Top of Excerpted records

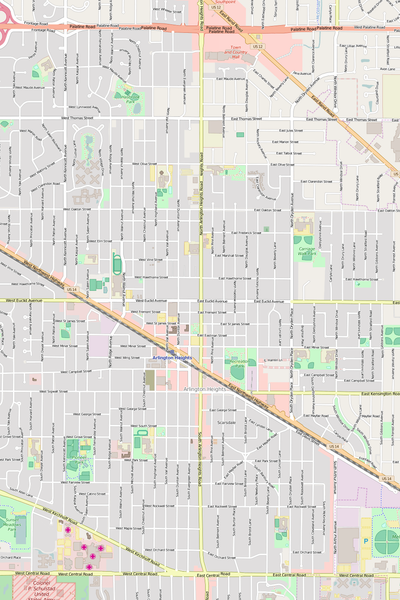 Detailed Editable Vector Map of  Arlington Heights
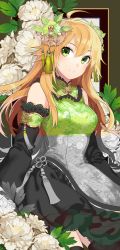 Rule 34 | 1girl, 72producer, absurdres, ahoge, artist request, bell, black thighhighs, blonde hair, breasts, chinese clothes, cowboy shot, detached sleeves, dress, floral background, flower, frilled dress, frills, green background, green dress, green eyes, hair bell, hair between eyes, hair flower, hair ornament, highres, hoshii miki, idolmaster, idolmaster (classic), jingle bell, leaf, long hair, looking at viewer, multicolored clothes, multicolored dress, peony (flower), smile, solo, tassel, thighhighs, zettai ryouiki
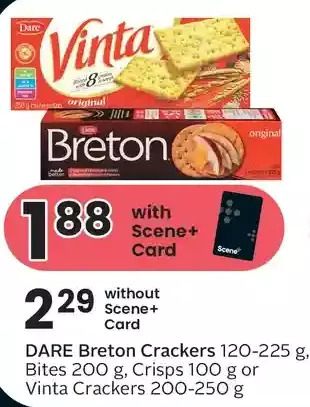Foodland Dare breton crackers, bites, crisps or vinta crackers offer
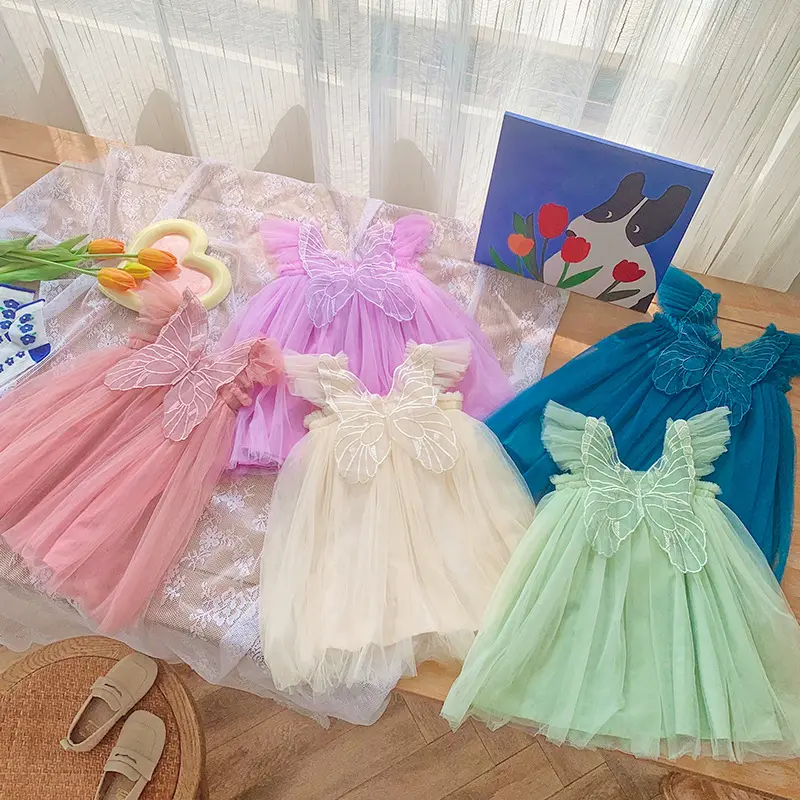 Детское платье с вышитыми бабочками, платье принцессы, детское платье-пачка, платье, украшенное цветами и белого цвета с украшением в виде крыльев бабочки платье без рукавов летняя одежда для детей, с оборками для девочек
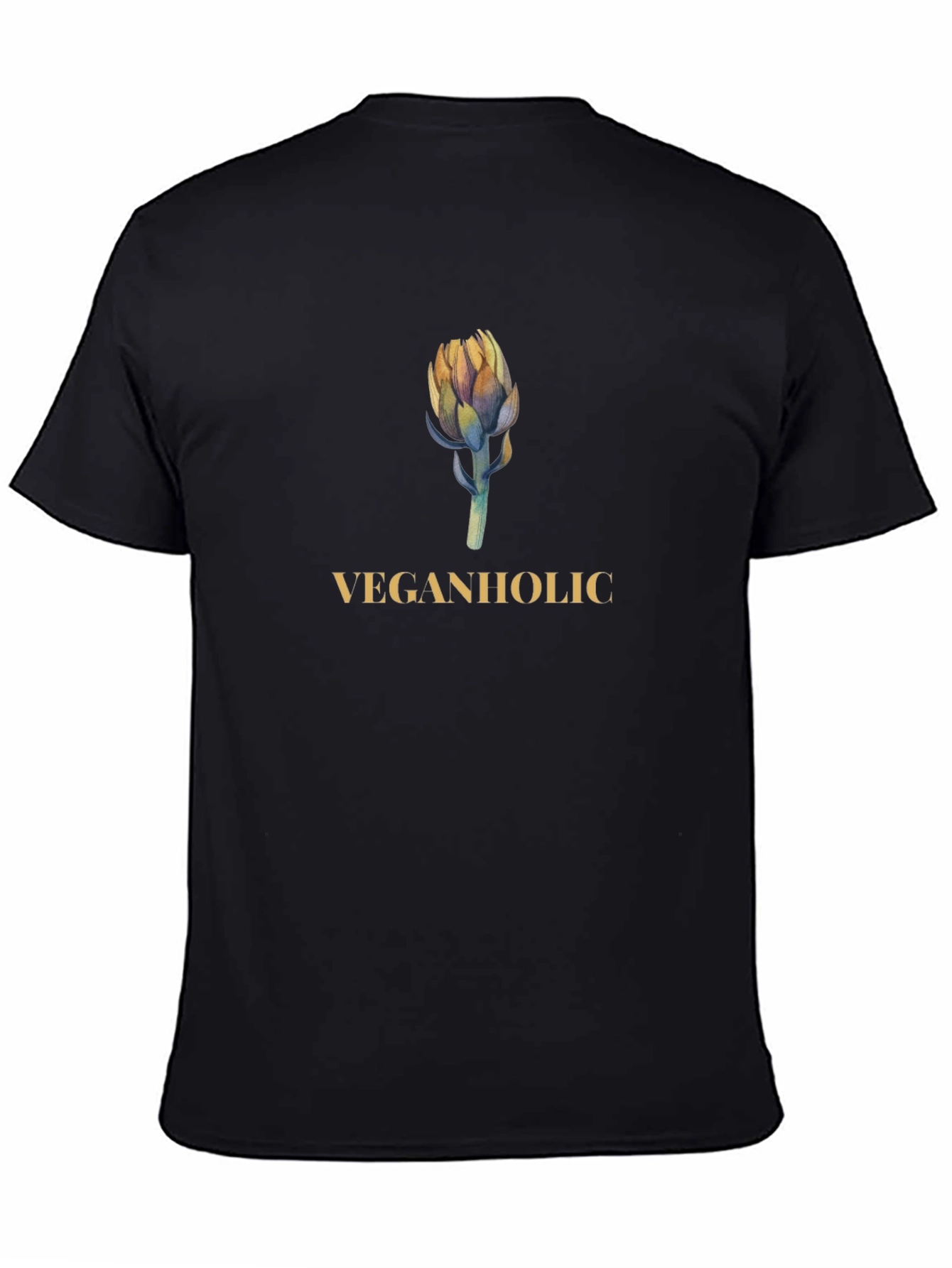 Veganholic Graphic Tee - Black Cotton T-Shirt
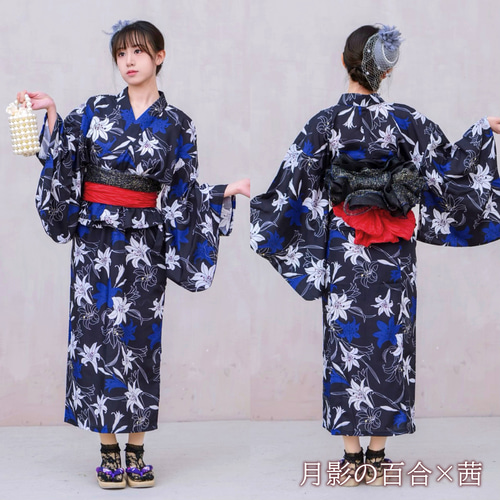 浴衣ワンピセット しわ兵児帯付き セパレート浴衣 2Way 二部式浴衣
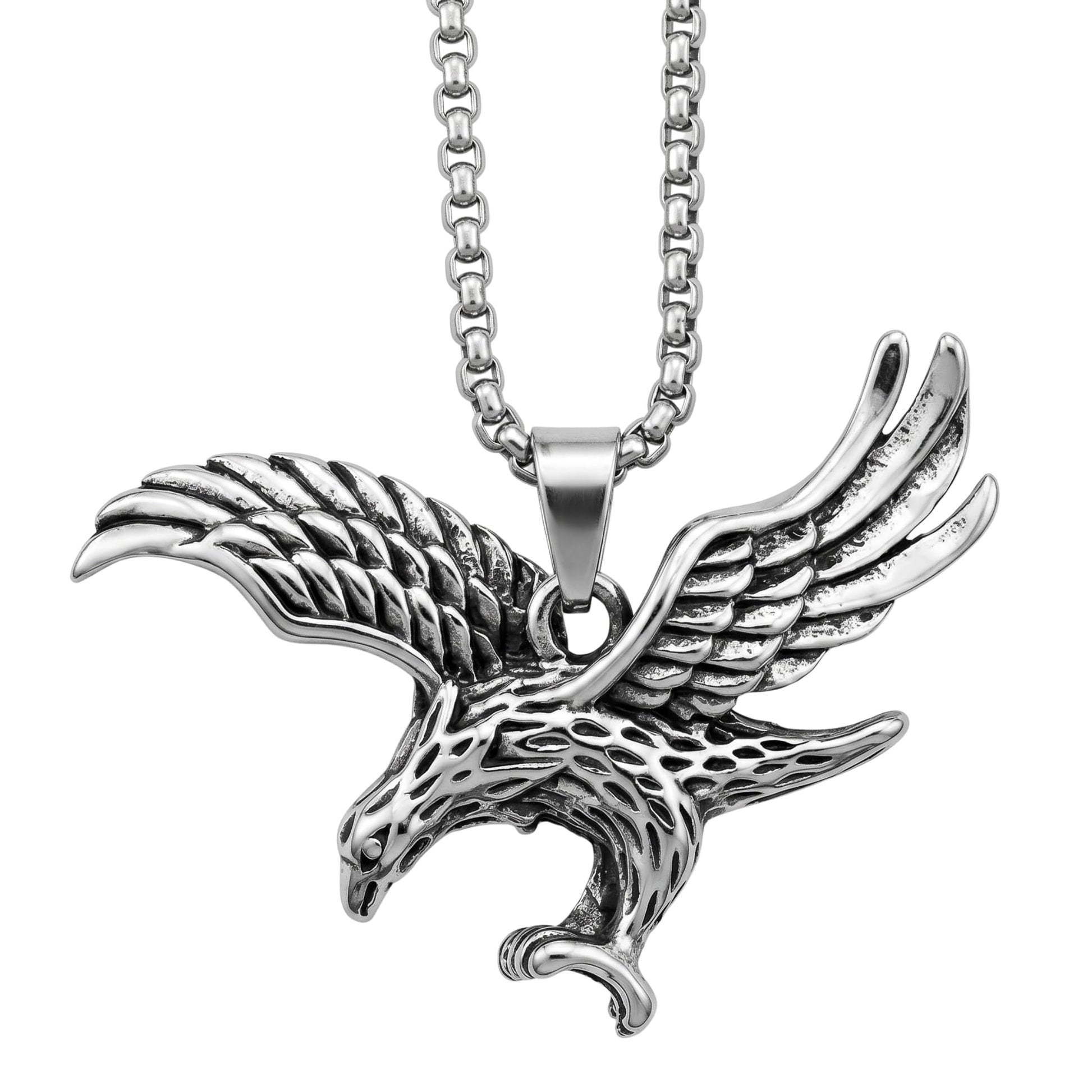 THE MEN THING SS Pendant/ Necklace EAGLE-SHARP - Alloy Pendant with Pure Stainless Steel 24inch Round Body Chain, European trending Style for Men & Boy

Bottom of Excerpted records

## Assignment
Your task is to repeat the data above exactly while excluding the pictures.

## Answer area
 Detailed Editable Vector Map of  Arlington Heights
 Rule 34 | 1girl, 72producer, absurdres, ahoge, artist request, bell, black thighhighs, blonde hair, breasts, chinese clothes, cowboy shot, detached sleeves, dress, floral background, flower, frilled dress, frills, green background, green dress, green eyes, hair bell, hair between eyes, hair flower, hair ornament, highres, hoshii miki, idolmaster, idolmaster (classic), jingle bell, leaf, long hair, looking at viewer, multicolored clothes, multicolored dress, peony (flower), smile, solo, tassel, thighhighs, zettai ryouiki
Foodland Dare breton crackers, bites, crisps or vinta crackers offer
 Детское платье с вышитыми бабочками, платье принцессы, детское платье-пачка, платье, украшенное цветами и белого цвета с украшением в виде крыльев бабочки платье без рукавов летняя одежда для детей, с оборками для девочек
 Veganholic Graphic Tee - Black Cotton T-Shirt
 浴衣ワンピセット しわ兵児帯付き セパレート浴衣 2Way 二部式浴衣
 THE MEN THING SS Pendant/ Necklace EAGLE-SHARP - Alloy Pendant with Pure Stainless Steel 24inch Round Body Chain, European trending Style for Men & Boy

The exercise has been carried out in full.